Ohio, police shooting

Ta’Kiya Young’s Family Wants Police Officer Held Accountable For Her Death


Ta’Kiya Young‘s family is questioning why the Blendon Township police officer who shot their 21-year-old daughter has not yet been publicly identified. The officer who shot and killed Young in the parking lot of a grocery store on August 24, the Washington Post reports, has not been fired or criminally charged.

Sean Walton Jr., an attorney for Young’s family, told the Washington Post, “If we had video evidence of a citizen committing an act that appeared to be a murder, there would not be a long investigation [beforehand]; that suspect would be identified and that suspect would be charged.” 

Blendon Township Police Chief John Belford maintained that the officers who were involved in the shooting of Young were, in fact, victims.

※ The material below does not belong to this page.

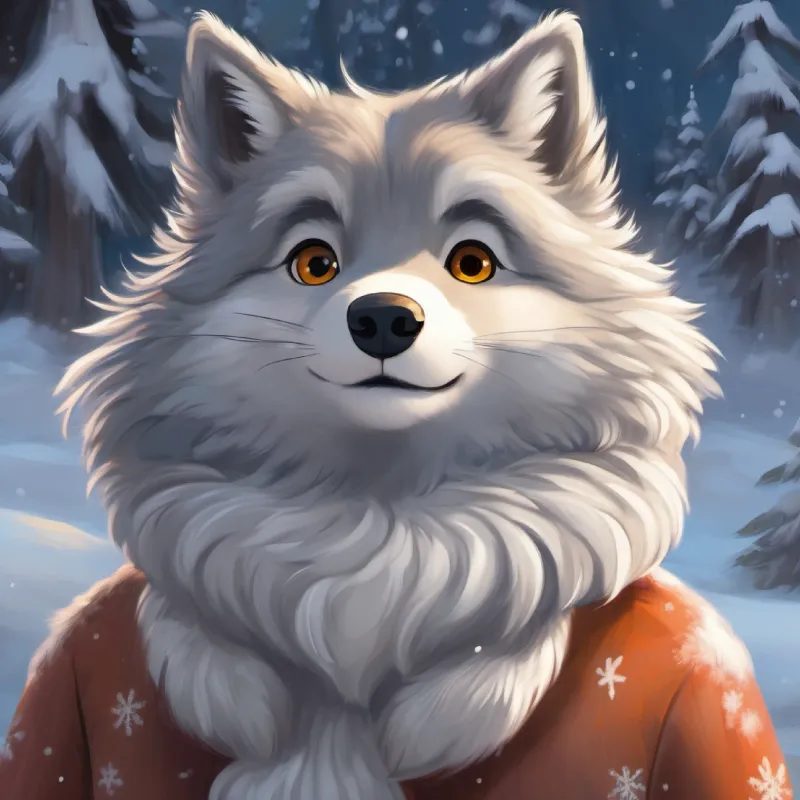 Grey fur, gentle gaze, serene spirit searches for Brown fur, playful eyes, exuberant energy, uses his senses.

Belford cited Marsy’s Law, which is a crime victims rights amendment. In the state of Ohio, according to Marsy’s Law For Ohio, the law ensures that “victims of violent crime have the same co-equal rights as the accused and convicted–nothing more, nothing less.”

The officer who did not shoot Young was allowed to go back out on active duty because the 15-person police department in Blendon, a suburb of Columbus, is understaffed. 

However, the family, along with Walton, was able to piece together the identity of the man who shot and killed Young. Through the evidence available to them, namely eyewitnesses and badge number information, they believe the officer allegedly responsible is Connor Grubb.

Marsy’s Law is named after a 21-year-old California woman Marsalee Nicholas, who was shot and killed in 1983 by her boyfriend. The law carrying her name passed in California in 2008, and it allowed victims to redact their names, addresses, or other information that could identify them from public records related to the open case.

As the law has been adopted by multiple states, police departments have used it to keep officers involved in use-of-force incidents, like Grubb, from being named. 

Fred Gittes, a Columbus attorney who specializes in police misconduct, privacy, and public records cases, told the Washington Post, “Police officers are public servants, licensed to kill, and we need to know who they are.”

Gittes also said that the police are twisting the original intent of the law and their status as public servants means that they should not get to hide behind a law intended to protect actual victims of crimes from retaliation.

Young’s grandmother Nadine Young has characterized the behavior of the police as “dishonest” and told the Post before Ta’Kiya’s funeral, “An apology would not be genuine at this point; it has been weeks since Kiya’s murder. I want [Grubb] held accountable.

“All she wanted was a place of her own and she had been approved for her own place in Sandusky days before her murder,” Nadine Young added. “That’s been heavy on my mind and heart … that she achieved that goal.”